Show it in the political world, however, and it is just business as usual.
It is worth considering, then, the fairly obvious point that both religion and politics
utilize the same techniques of manipulation on their followers, bringing out
exactly the same psychological defenses in their adherents. Does it really make a difference
whether the Evil Other is Satan, or communism/terrorism? (If you studied Arthur Miller’s play
The Crucible back in high school, with its intended parallels between the
Salem witch-hunts and McCarthyism, you already know that it makes no difference.)
Could the psychological reactions/defenses (e.g., the need for protection by a religious or political “savior,”
the witch-hunting eradication of “evil,” and the willing surrender of one’s freedoms
in that hunt) really be any different against one than against the other? Isn’t it obvious that,
given a structurally comparable set of threats and fears in the political world as in the religious, the
psychological reactions to those real or perceived dangers will likewise be hardly distinguishable?
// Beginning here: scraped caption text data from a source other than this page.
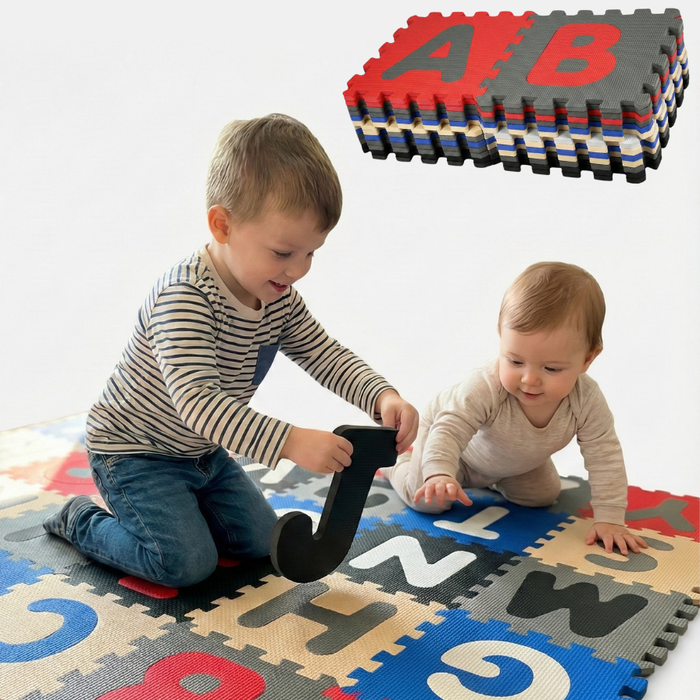 Alfombra Antigolpes Bebé Eva Piezas 30x30 Con Letras A - Z Multicolor Abecedario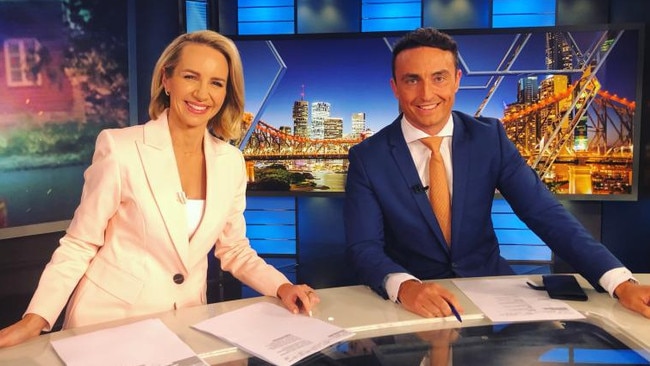 Former 7 reporter Ben Murphy on the desk with Katrina Blowers. Credit: LinkedIn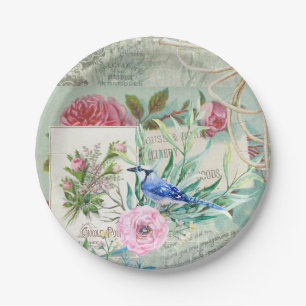 Vintage blaue Jay-Vogel-Rosa-Rosen-Blumencollage Pappteller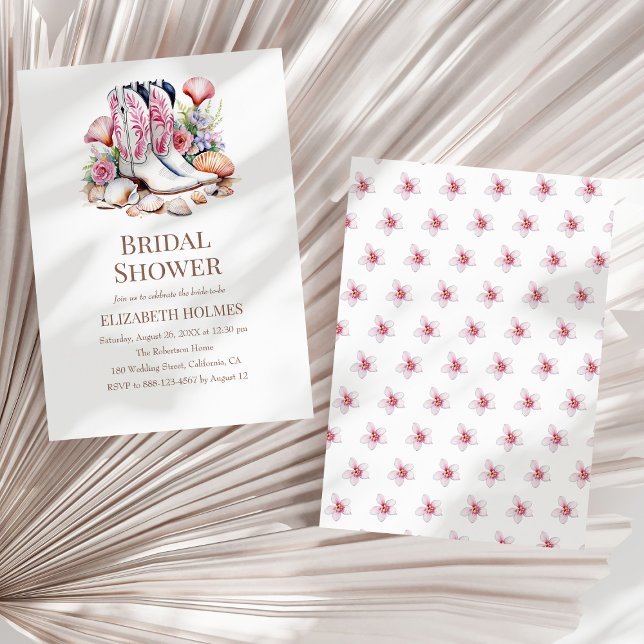 Boho Coastal Cowgirl Bridal Shower Invitation (Boho Coastal Cowgirl Bridal Shower Invitation on a sunny white dry palm leaf.)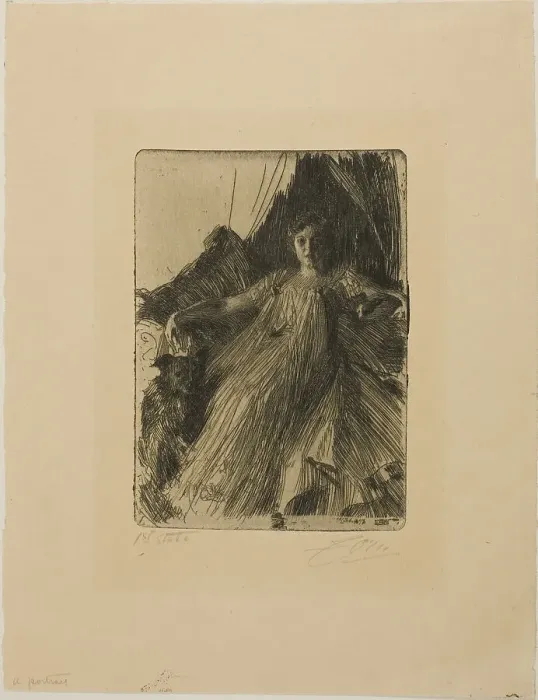 Framed Print : Maud Cassel (Mrs. Ashley), 1898. Creator: Anders Leonard Zorn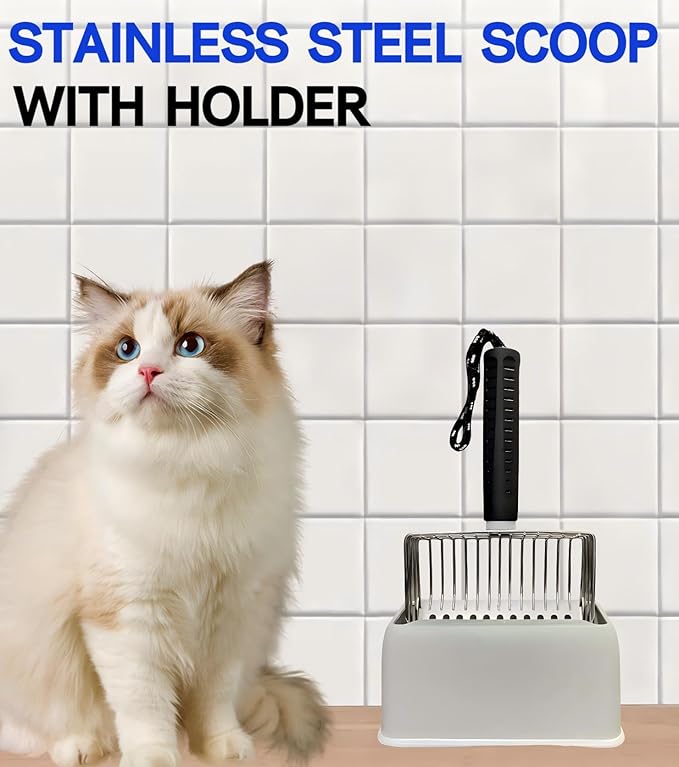 Cat Litter Scoop with Holder, Solid and Durable Metal Litter Scoop, Stainless Steel Litter Box Scooper, Heavy Duty, Black Rubber Handle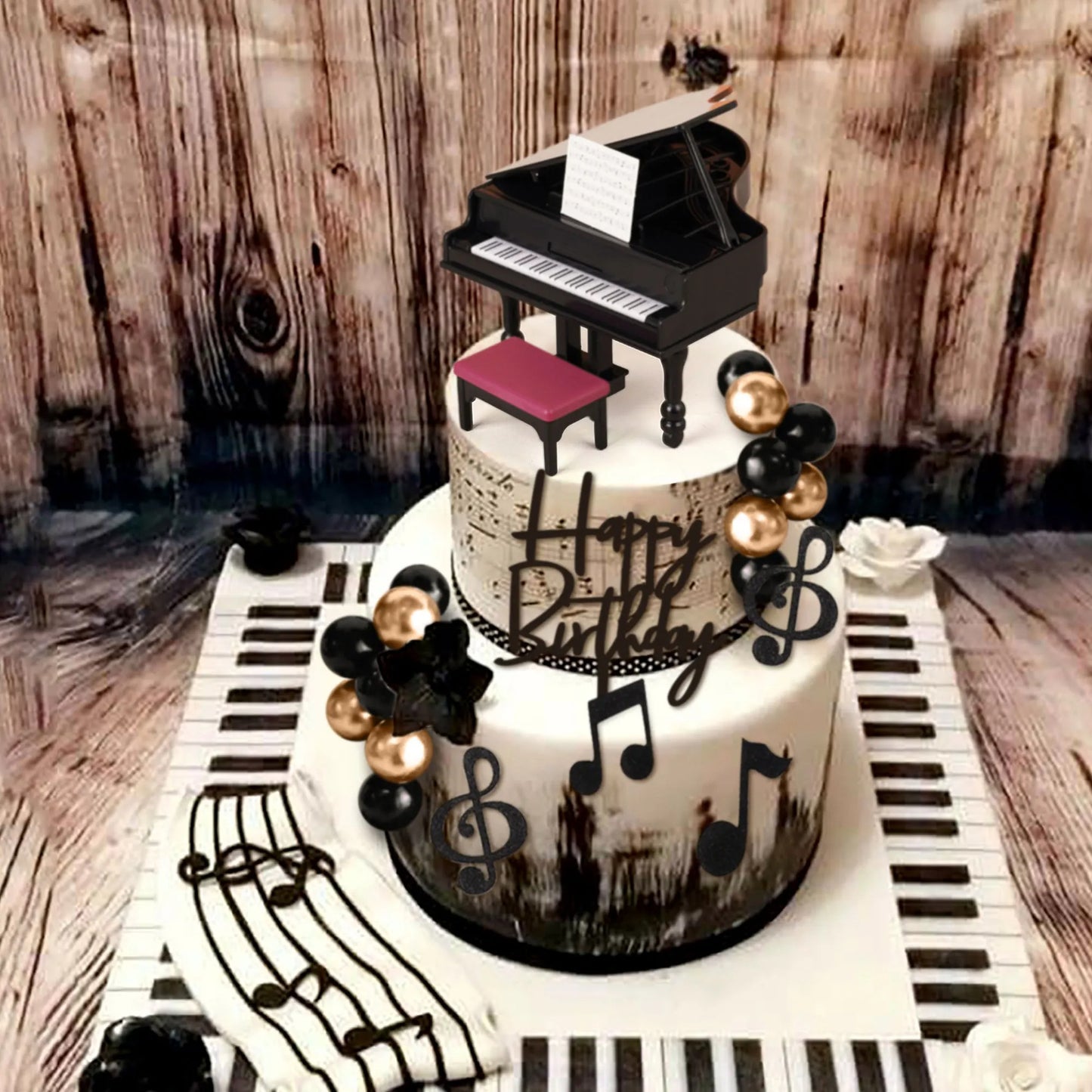 Décoration de gâteau musical | piano | Melodika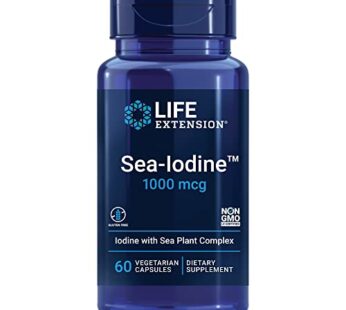 Life Extension Sea-Iodine?, kelp and bladderwrack-derived iodine, supports healthy levels of this essential nutrient for thyroid health and beyond, non-GMO, gluten-free, vegetarian, 60 capsules
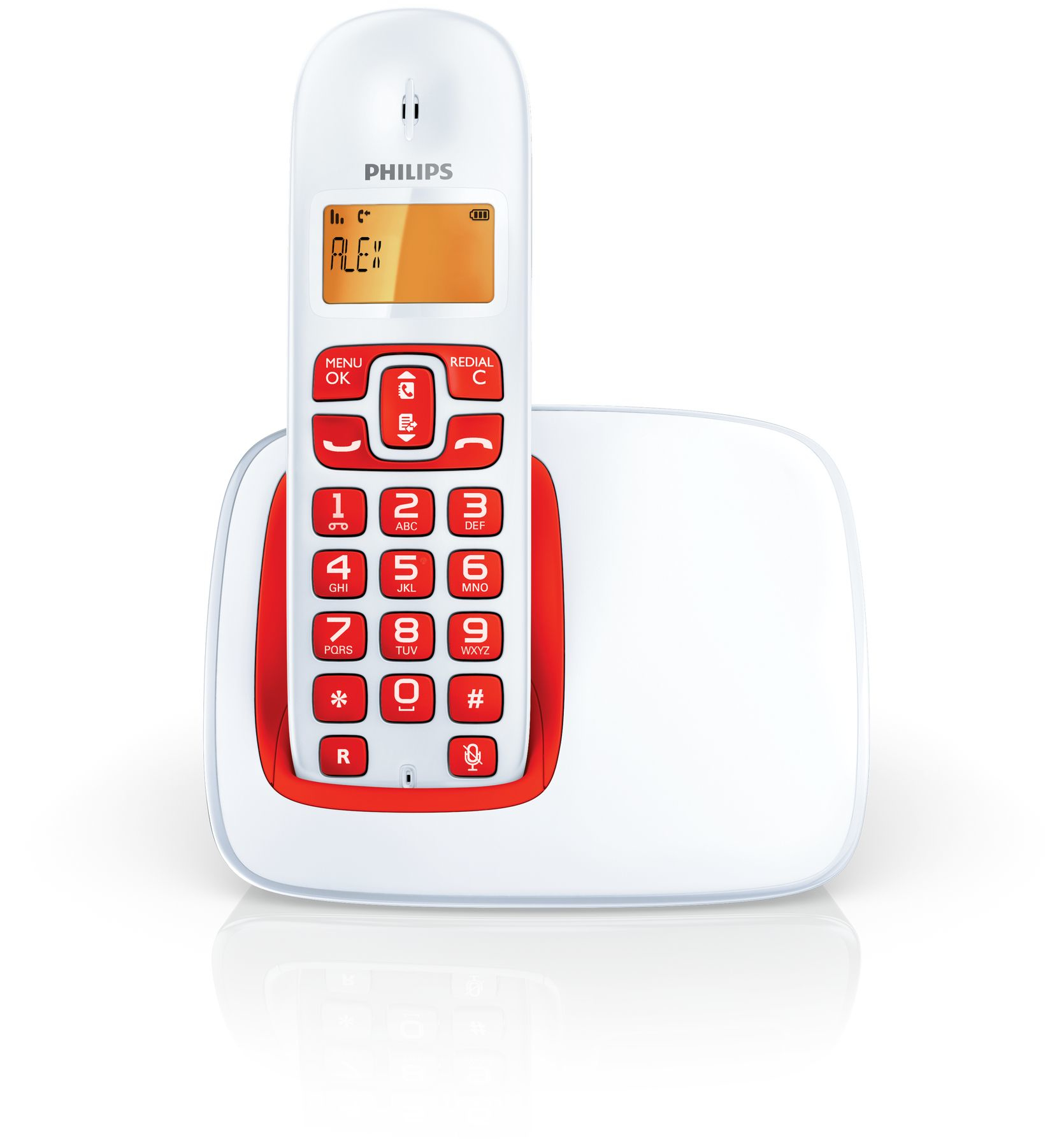 Philips BeNear CD1901WR/96 telephone DECT telephone Caller ID Red, White – image 2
Whether or not the dangers actually exist as presented by the leader/guru is secondary. To bring out
the cult-follower defenses—e.g., death threats against the courageous Dixie Chicks, or the regarding of
anyone who dares to question the claims of the country’s leaders as being “unpatriotic”—it is enough that one
believes they exist and that only the right guru/president/ideology can keep one’s body and/or
soul safe from them.
* * *
Even among die-hard skeptics, there is precious little interest in really understanding how cults
work, or in learning of the details of the fraudulence perpetrated by guru-figures whom they have
taken (with good reason) from the beginning as being con-artists, or at the very least wildly deluded
individuals. And, from the other side of the fence, “true believers”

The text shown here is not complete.